Бродский: Я уже говорил: я работал все время. Штатно, а потом писал
стихи. (С отчаянием). Это работа -- писать стихи.
Судья: Но ваш заработок очень невелик. Вы говорите, за год получаете
250 рублей, а по справкам, которые представила милиция,-- сто рублей.
Адвокат: На предыдущем суде было постановлено, чтобы милиция проверила
справки о заработке, а это не было сделано.
Судья: Вот в деле есть договор, который прислали из издательства. Так
ведь это просто бумажка, никем не подписанная.
(Из публики посылают судье записку о том, что договоры сначала
подписывает автор, а потом руководители издательства).
Судья: Прошу мне больше записок не посылать.
Сорокин (общественный обвинитель): Наш великий народ строит коммунизм.
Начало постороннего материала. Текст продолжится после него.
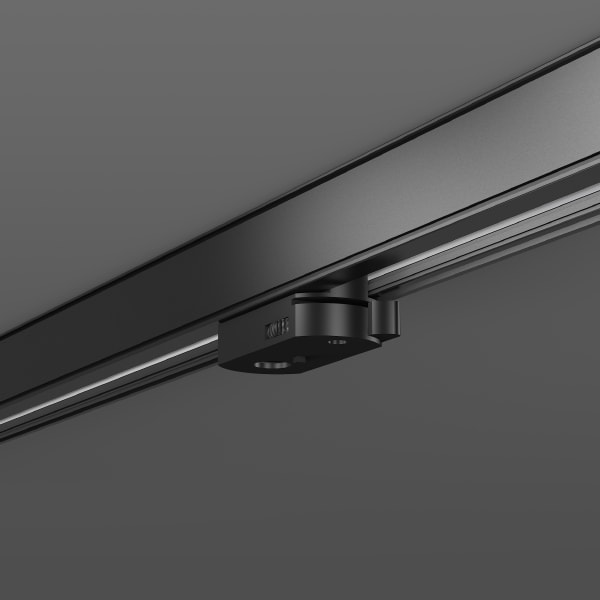 RZB - Multi-Adapter,3Ph,6A,50N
В советском человеке развивается замечательное качество -- наслаждение
общественно полезным трудом. Процветает только то общество, где нет
безделья. Бродский далек от патриотизма. Он забыл главный принцип -- кто не
работает, тот не ест. А Бродский на протяжении многих лет ведет жизнь
тунеядца. В 1956 году он бросил школу и поступил на завод. Ему было 15 лет.
В том же году -- увольняется. (Повторяет послужной список и перерывы в
штатной работе снова объясняет бездельем. Будто и не звучали все объяснения
свидетелей защиты о том, что литературный труд -- тоже работа).
Мы проверили, что Бродский за одну работу получил только 37 рублей, а
он говорит -- 150 рублей.
Бродский: Это аванс. Это только аванс. Часть того, что я потом получу.
Судья: Молчите, Бродский. Сорокин: Там, где Бродский работал, он всех
возмущал своей недисциплинированностью и нежеланием работать. Статья в
"Вечернем Ленинграде" вызвала большой отклик. Особенно много писем поступило
от молодежи. Она резко осудила поведение Бродского. (Читает письма).
Молодежь считает, что ему не место в Ленинграде. Что он должен быть сурово
наказан. У него полностью отсутствует понятие о совести и долге. Каждый
человек считает счастьем служить в армии. А он уклонился. Отец Бродского
послал своего сына в консультацию в диспансер, и он приносит оттуда справку,
которую принял легкомысленный военкомат. Еще до вызова в военкомат Бродский
пишет своему другу Шахматову, ныне осужденному: "Предстоит свидание с
комитетом обороны. Твой стол станет надежным убежищем моих ямбов".
Он принадлежал к компании, которая сатанинским хохотом встречала слово
"труд" и с почтением слушала своего фюрера Уманского. Бродского объединяет с
ним ненависть к труду и советской литературе. Особенным успехом пользуется
здесь набор порнографических слов и понятий. Шахматова Бродский называл
сэром. Не иначе. Шахматов был осужден. Вот из какого зловонного местечка
появился Бродский. Говорят об одаренности Бродского. Но кто это говорит?
Люди, подобные Бродскому и Шахматову.
Выкрик из зала: Кто? Чуковский и Маршак подобны Шахматову?